If you were going to go with an MCM design why make each chip have such a large bus when you could probably do fine with each die having a smaller bus that results in a combined 384-bit interface? That was part of my argument and I'm still rather skeptical about any claims that future RDNA products that utilize an MCM design will have a total bus size as small as something like 192-bit. If that's using two dies it means that each only has a 96-bit bus. I can't even think of anything that's used a configuration like that before.

Around 2008/09 the brought a 1080P decoder chip to laptops and integrated graphics. . . If AMD adds a 4k decoder chip to the RDNA3 cards. It would chew through high resolution like nothing.

4K displays are still rather rare, so I'm not sure if AMD feels a lot of need to do something like this outside of top-end GPUs. It really comes down to how much additional dies space such a decoder would need. Although it's far from a scientific poll, the Steam hardware survey does include resolution and 4K resolution accounts for 2.26% in their results. Even 1440p accounts for less than 10% or almost exactly 10% if you include the 16:10 and ultra-wide QHD resolutions.

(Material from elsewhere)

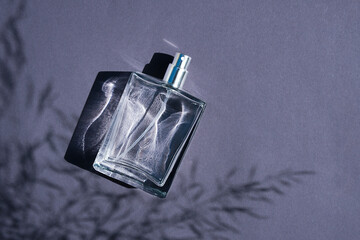 Transparent bottle of perfume on a dark grey background. Fragrance presentation with daylight. Trending concept in natural materials with plant shadow. Women's and men's essence. - obrazy, fototapety, plakaty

Adding in hardware that uses extra die space that will go unused by the vast majority of users just doesn't seem likely to be high on the priority list. If it doesn't increase the die size much or at all, they might certainly add it, but it's going to take a bit longer for more people to adopt 4K displays. One thing that may help is high-end laptops and ultrabooks pushing higher resolutions and leading towards a card outside of a high-end gaming one including a 4K decoder.
 

leoneazzurro

Golden Member
Jul 26, 2016
1,114
1,867
136
If you were going to go with an MCM design why make each chip have such a large bus when you could probably do fine with each die having a smaller bus that results in a combined 384-bit interface? That was part of my argument and I'm still rather skeptical about any claims that future RDNA products that utilize an MCM design will have a total bus size as small as something like 192-bit. If that's using two dies it means that each only has a 96-bit bus. I can't even think of anything that's used a configuration like that before.

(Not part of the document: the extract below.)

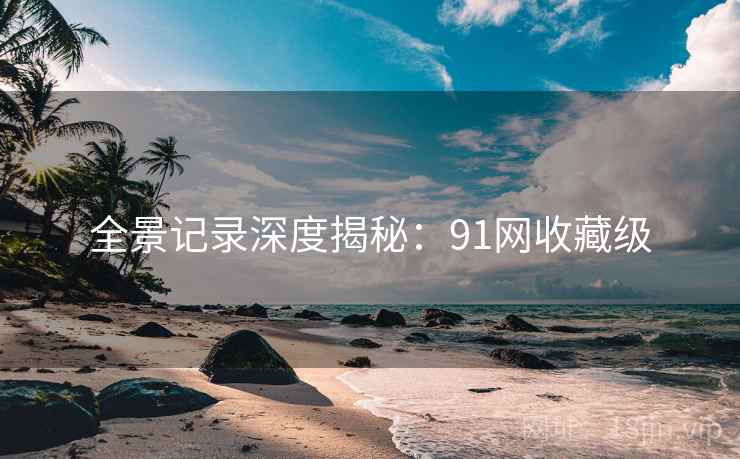 全景记录深度揭秘：91网收藏级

Because the problem is indeed the total width of the bus, as adding width adds external high frequency signals to be passed from the GPU to the VRAM, and analog parts on the GPU die(s), both solutions being more power hungry than having a smaller bus+cache.
 

Mopetar

Diamond Member
Jan 31, 2011
8,496
7,753
136
Because the problem is indeed the total width of the bus, as adding width adds external high frequency signals to be passed from the GPU to the VRAM, and analog parts on the GPU die(s), both solutions being more power hungry than having a smaller bus+cache.

I know. I'm saying don't do that. If you want a 256-bit bus split it so that each chip has a 128-bit bus. Obviously this can create an issue where some memory modules aren't directly accessible by a particular die, but even the dies of today have fast interconnects in place and it's not too hard to design them to be able to pass requests through each other.

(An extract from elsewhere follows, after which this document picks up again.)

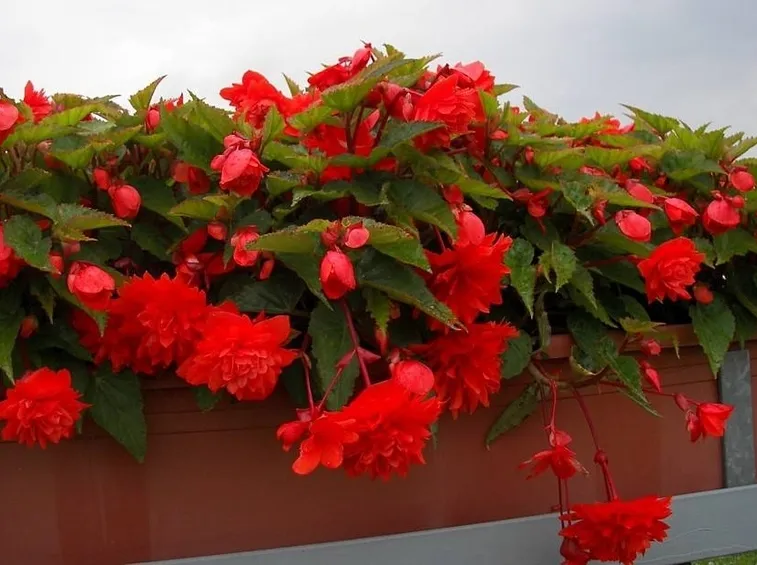 begonia pendula rossa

If it were a big problem the obvious solution is an IO die similar to what's used in Zen CPUs.
 

leoneazzurro

Golden Member
Jul 26, 2016
1,114
1,867
136
I know. I'm saying don't do that. If you want a 256-bit bus split it so that each chip has a 128-bit bus. Obviously this can create an issue where some memory modules aren't directly accessible by a particular die, but even the dies of today have fast interconnects in place and it's not too hard to design them to be able to pass requests through each other.

If it were a big problem the obvious solution is an IO die similar to what's used in Zen CPUs.

According to the rumors we will have something similar.